Yeni bir metafor ve dünya görüşü
  Kuantum fiziğinin fiziksel ve ruhsal dünya hakkında söylediklerinden doğal olarak yeni bir metafor ve dünya görüşü kaynaklanır. Bu dünya görüşünün özellikleri; yeni fiziğin niye yeni olduğunu tartıştıkça ve yeni fizik bilinciyle bakarak, insan felsefesine ve insan ilişkilerine yani psikolojiye nasıl uygulandığını gördükçe daha da netleşecektir. Kuantum kuramı şimdiye dek ortaya atılan en başarılı fizik kuramıdır. Deney sonuçlarını ancak birkaç desimal nokta kaymasıyla doğru olarak önceden hesaplayabilir. Fakat her nasılsa bu ön tahminleri ve sonuçları açıklayamadığı için genel denklemlerden yeni gerçeklik ortaya çıksa da, buluşlarıyla insanın hayal gücünü canlandıran bu ‘yeni dünya görüşü’ henüz yeterince anlaşılmış değildir.

  Kuantum Kuramı ve Günlük yaşam
  Kuantum kuramının tamamlandığı son altmış yılda kuantum fizikçileri arasındaki yaygın görüş, kendilerinin gerçek dünyayla ilgili ne bir şey söyleyebilecekleri, ne de söylemeleri gerektiğidir. Yapabilecekleri en  emin şeyin denklemler sonucu tahminlerde bulunmaya devam etmek olduğunu söylerler. Ve bu katı söylem kuantum kuramıyla günlük yaşam arasında yapılacak yeni sentezlerin oluşumunu aksatmaktadır. Bu aşırı bilimsel ve
“gerçekçi olmayan” görüş, Danimarkalı fizikçi Niels Bohr tarafından yapılan kuantum kuramının Kopenhag yorumu olarak bilinir.

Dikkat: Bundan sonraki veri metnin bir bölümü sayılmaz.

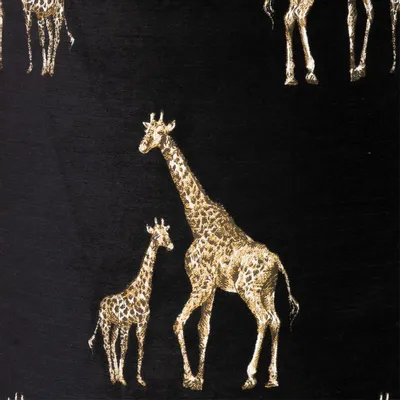 Chaises de jardin - Pouf en velours noir avec girafes brodées - MX HOME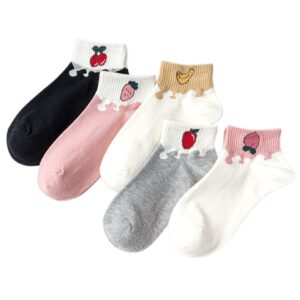 Aufona 5/10 Cute Crew Socks for Women Floral Cotton Socks Ankle Socks for Girls Teen (5 Pairs-Fruit)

   Fizik, her şeyin olasılıklar denizinde yüzdüğü ve hiçbir şeyin sabit bir yerde varolduğundan söz edilemeyen, kuantum seviyesindeki olayların garip ve belirsiz doğasından etkilenerek bu görüşü şiddetle savunmuştur. Bu görüş kuantum kuramcıları ve onların felsefi izleyicileri arasında atom-altı parçacık seviyesinde gerçeklik olmadığı, hatta bazı durumlarda gerçeklik diye bir şey olmadığı şeklinde saçma ve asılsız söylemlerin ya da teorilerin oluşmasına da neden olmuştur ki tamamen yanlış anlaşılmış faraziyelerdir. Oysa nesnelerin varolduğu gerçek bir dünya vardır ve bizler o gerçek dünyada her gün soluk alıp-vermekteyiz. Kuantum kuramının yeni metafor oluşturması ve çağımızın ana felsefesi olabilmesi için, hakkında günlük yaşamın gerçekleriyle ilgili olarak çok konuşulması ve çok örnek verilmesi gerekir.